Hey everyone. First I want to thank everyone here as I've been reading over the past few days and the advice here has really helped. Here's my quick story and any advice would be great.

My wife and I have been living separately for almost 4 years. I asked her to leave because I found she was involved in illegal activity and she moved into her parents house. She tried to take our daughter (8 months at the time...5 now) but I would not let her. She ended up being violent towards me and my daughter at that time.

For the past 4 years we've been going back and fourth. So days/weeks are good and we talk and work together and support each other. Other days/weeks are horrible and we seem like worst enemies.

Over the years we both changed a lot. I wasn't perfect when we first had our baby. I didn't know how to be a parent, change diapers, feed, etc. but I thought part of the enjoyment of being a parent was learning together with your spouse. She expected me to be perfect from day one. She also changed, or so I thought, and started to be a lot nicer to me here and there.
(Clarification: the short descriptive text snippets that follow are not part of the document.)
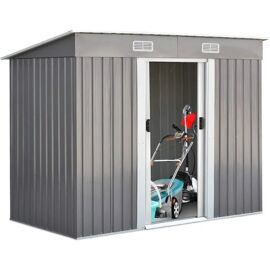 Costway Abri De Jardin En Métal 5.64m³ Remise À Outils Extérieur 238x131x181cm Avec 2 Portes Coulissantes Et Fenêtre Aéréimperméable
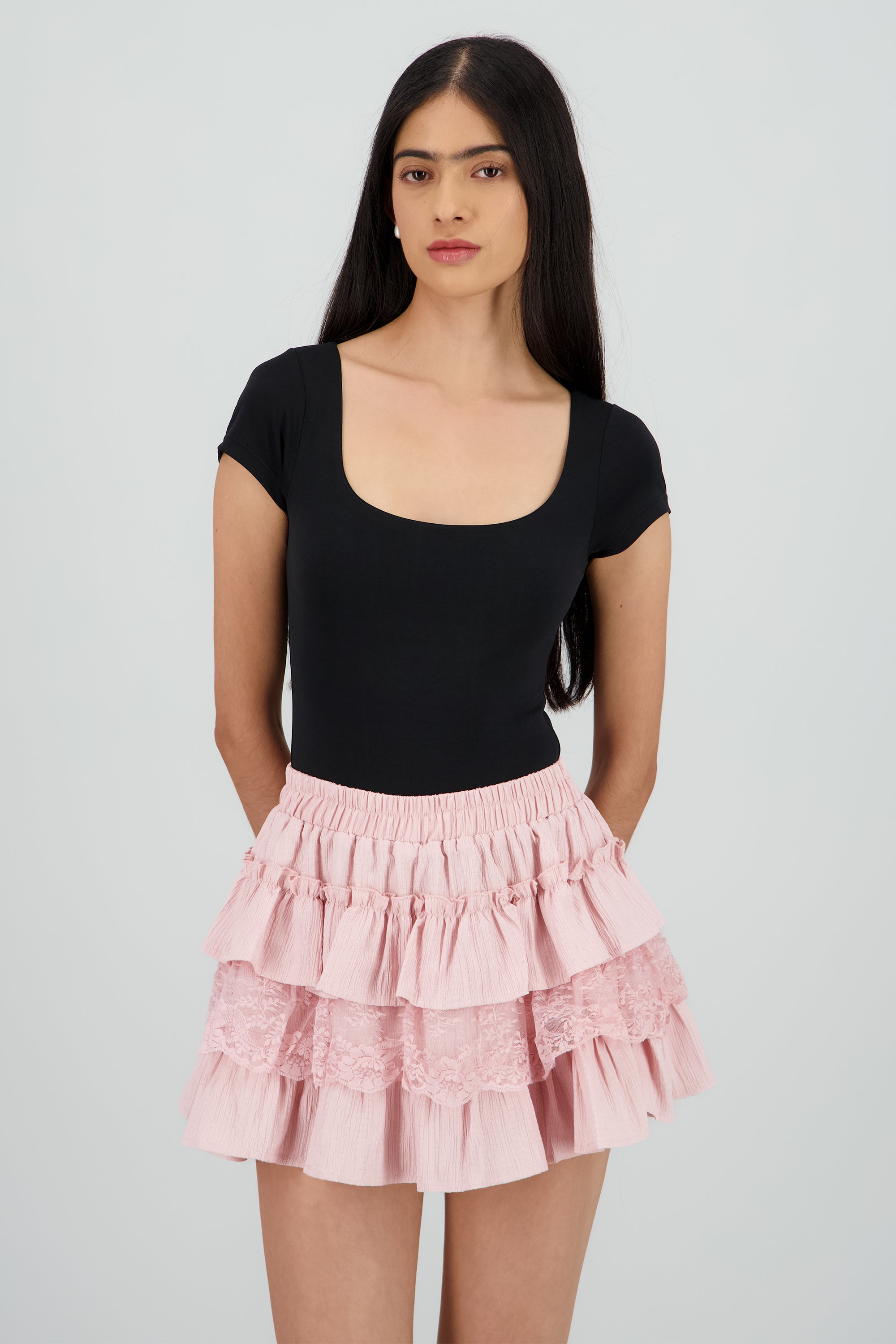 Body manca corta escote cuadrado NEGRO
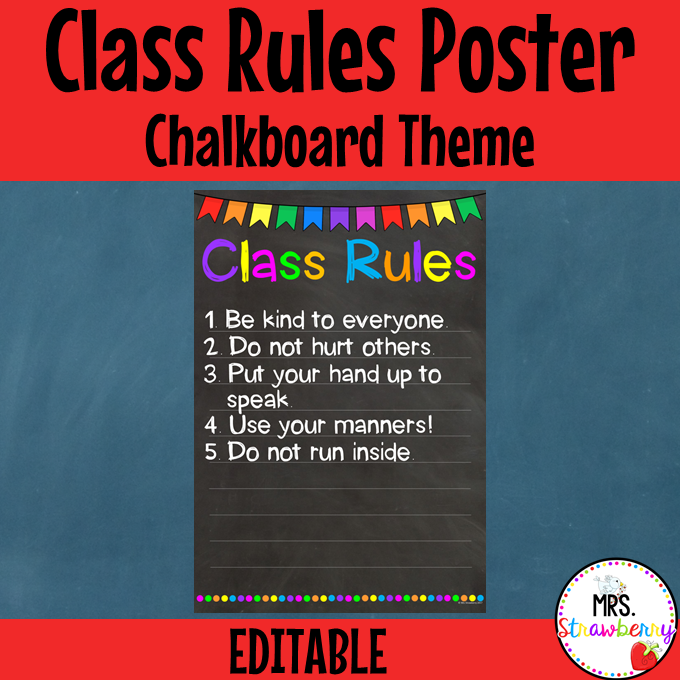 Chalkboard Class Rules Poster EDITABLE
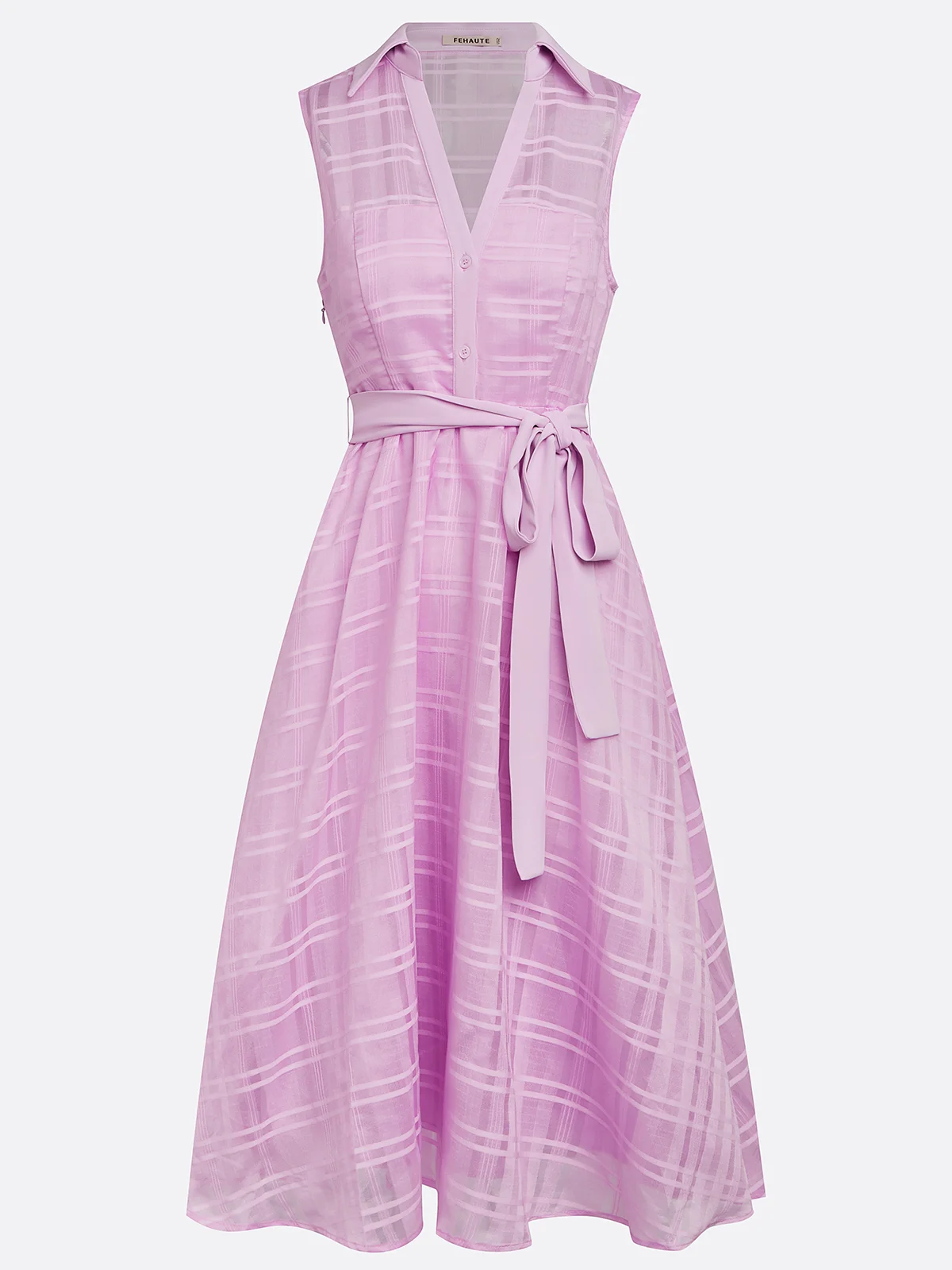 Lavender Purple Shirt Dress Shirt Collar Sleeveless A-Line Midi Dress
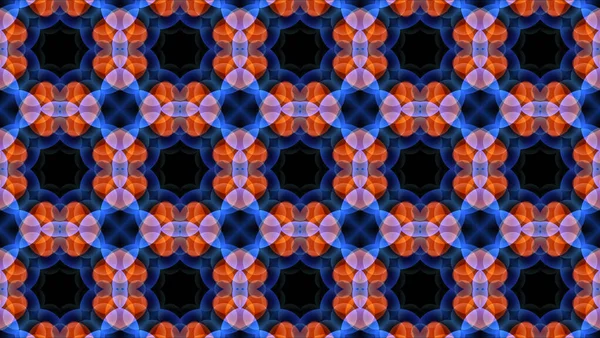 gray ball and glow orange four heart shape on blue kaleidoscope reflection texture background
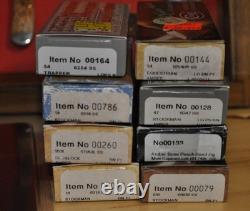 Case Knife Store Display Retail Case With 9 Knives Amber Bone Stockman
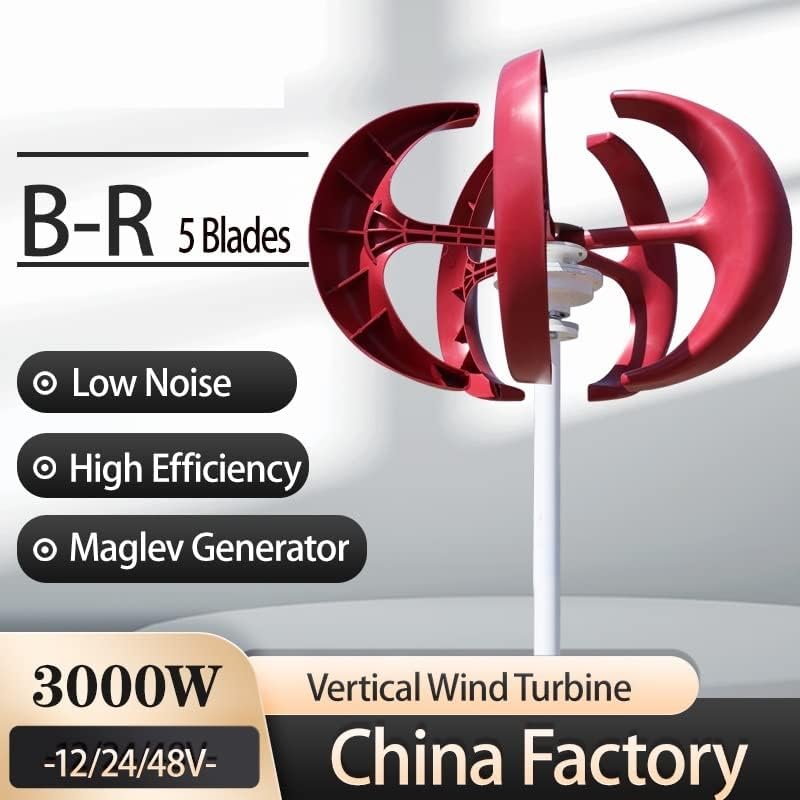 Wind Turbine Generator Kit, 1000W Vertical Wind Turbine 12v 24V Vertical Axis Wind Generator Small Windmill Free Energy With MPPT Charging Controller for Hybrid Solar Wind System(White,MPPT CONTROLLER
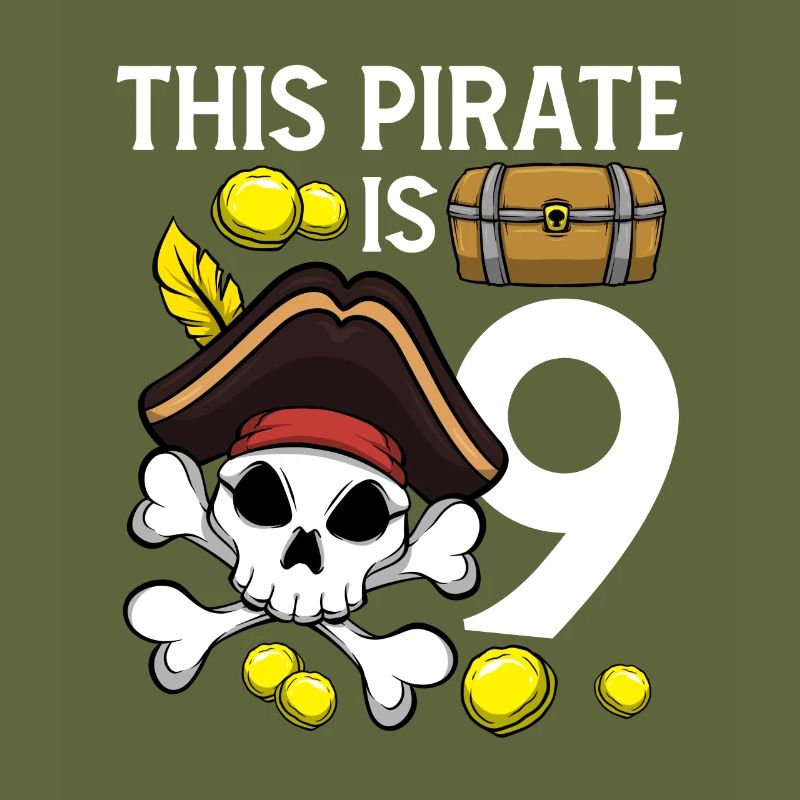 Skeleton This Pirate Is 9th Pirate Birthday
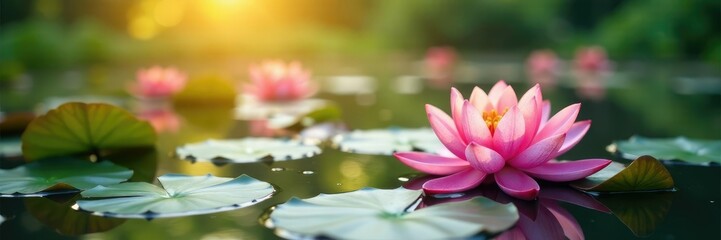 Obraz premium Water lilies and lotus flowers in the morning light, peaceful,, nature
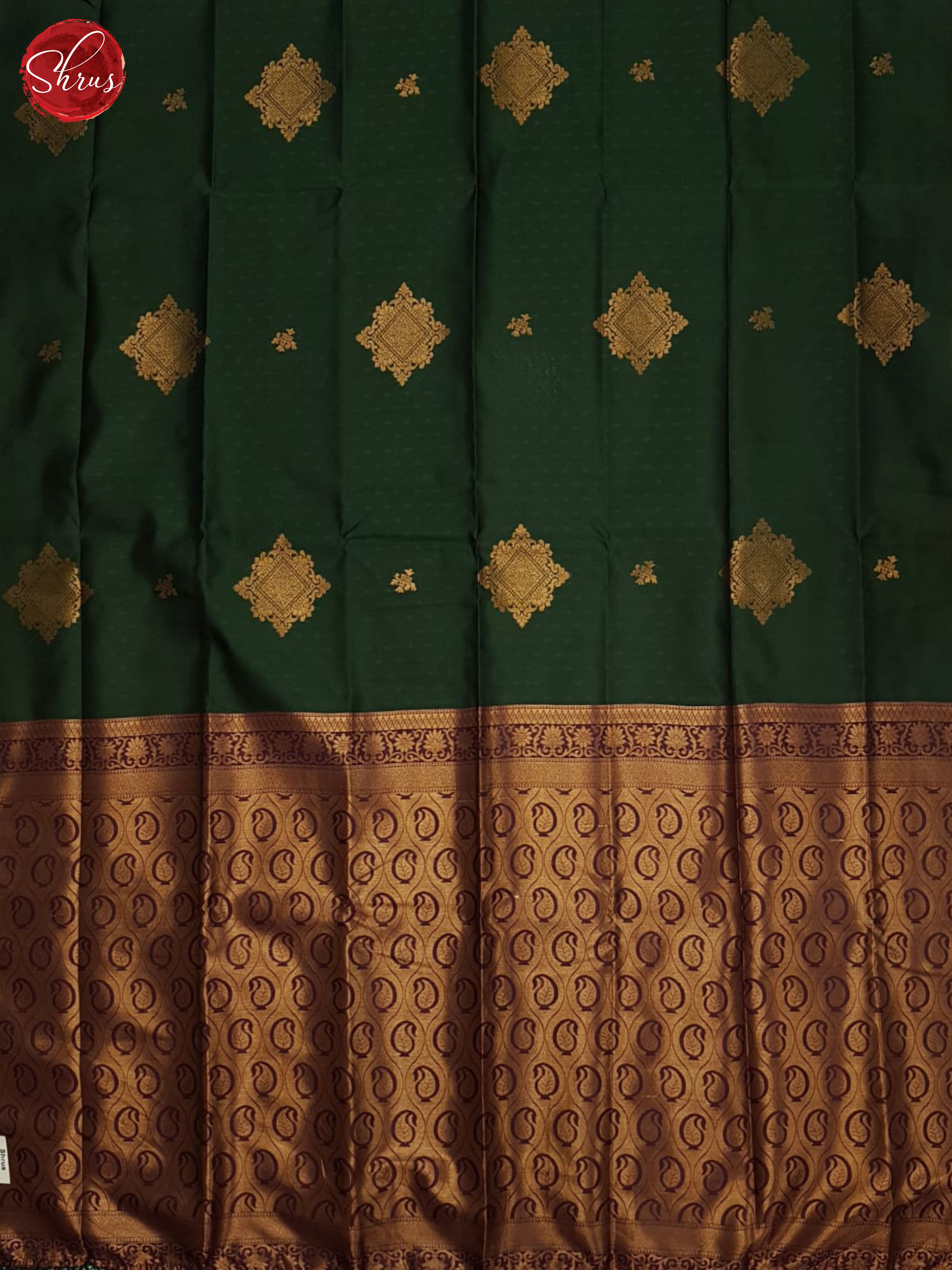 Green And Wine- Semi Soft Silk Saree - Shop on ShrusEternity.com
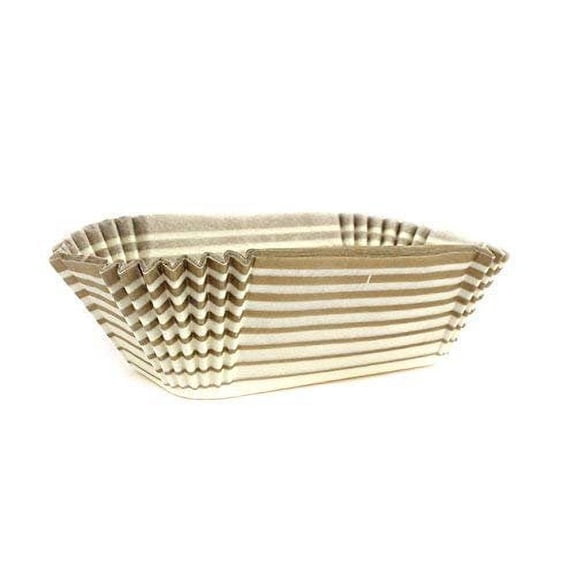 Novacart Rectangle Glassine Paper Condiment Candy Party Cup 3.38" x 1.19" Bottom, 0.88" High, Gold-Striped Exterior - Pack of 200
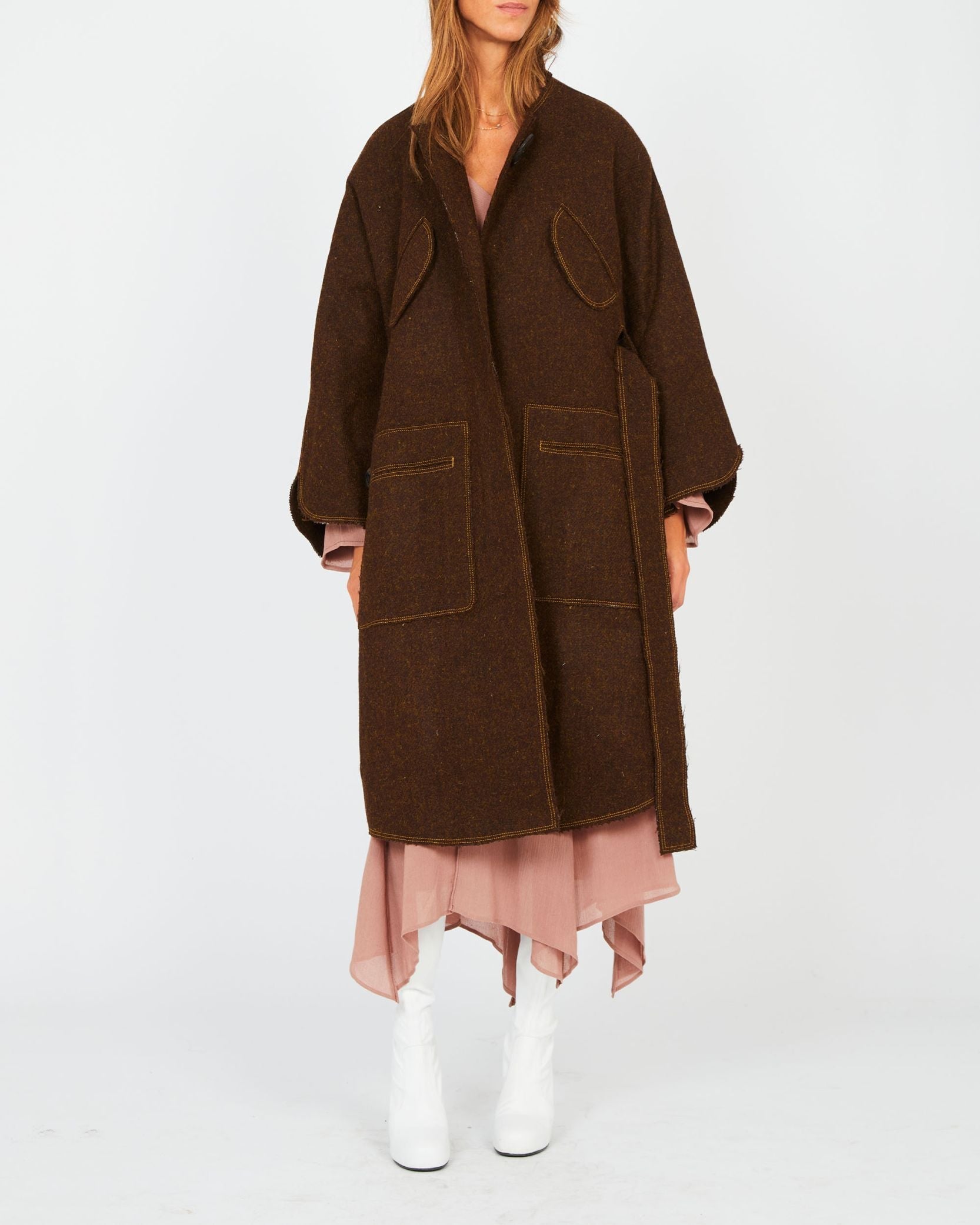 Manteau oversize en Harris Tweed - Khaki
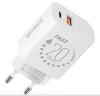 Hálózati gyors töltőfej, 1x USB / 1x Type-C, 3A / 20W, fehér, OBAL:ME OM20WCA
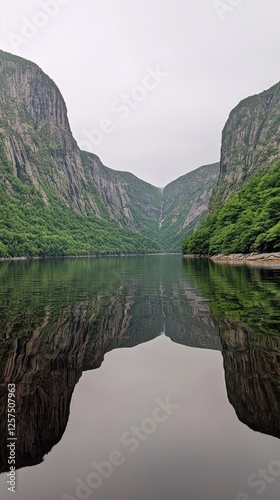 Serene mountain landscape reflecting in calm waters, showcasing lush greenery and rocky cliffs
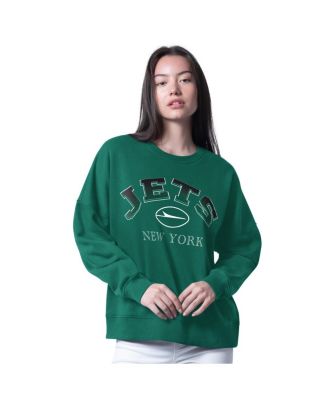 G-III 4Her by Carl Banks - Women's Green New York Jets Oversized Feud Sweatshirt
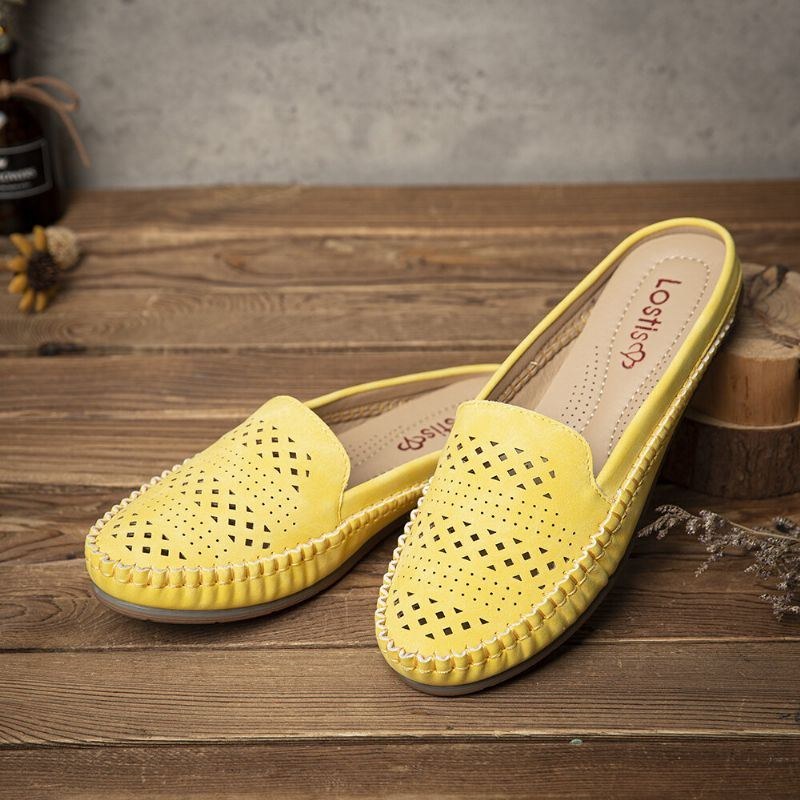 Dame Hollow Out Åndbar Casual Comfy Backless Flats Sandaler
I was always focused on saving the marriage for three reasons. First, I do have feelings for her. She is the mother of my child and my wife so I do have feelings for her regardless of what was done and said. Second, I feel it's the best for the kids. Third, I have a step son that has been in my life for almost 7 years and I feel I'll lose him.

Over the summer I kind of had my "this is it" moment where it was either going to save the marriage or not. We went on a "family" vacation for 10 days with the kids and her parents. The vacation was about a good as I expected it could be. We got along great and talked about moving back in together when we got home. We found a place to live and planned on moving on Oct. 1.

Before we could move in together she started a fight about something (I forget what) and she called it off. 

Fast forward to now, I find out that she has had a boyfriend for about a month. She had our child at his house on New Years Eve until 2:30 AM. My daughter (5) said that they slept there but my wife denies it.

Now that I found out about all this, she serves me with divorce papers (yesterday).

I have an attorney who is rated the best in my area. He's expensive but if I'm going to spend money it's going to be on making sure I get my child! She hired a personal injury attorney and lied on all the papers. I can prove all of her lies through text messages, receipts, bank statements, etc.

The problem is, for some strange/stupid/ridiculous reason, I still want to be with my wife. I understand that no human being on earth should want to be with a woman like this, but I do. And I know that it's because of my step son. 

I'm looking for more "coping" advice than "getting her back" advise. I know that I'll be much happier with someone else eventually who actually treats me like a person should be treated.


THANK YOU ALL. This forum has already helped me more than anything else over the past few days!!!


----------



## IndyTMI (Oct 26, 2012)

Ask her if you can still have contact with him, as you'd hate to see that relationship end simply because the two of yours did.


----------



## JetsFan98 (Jan 4, 2013)

IndyTM said:


> Ask her if you can still have contact with him, as you'd hate to see that relationship end simply because the two of yours did.


I did that and she said that we could maintain a relationship. The problem is that I always get the old "Do this or you'll never see him again" deal.

I've been dealing with that for 4 years. He's nothing more than a bargaining chip for her against me and I feel that after the divorce that will only get worse.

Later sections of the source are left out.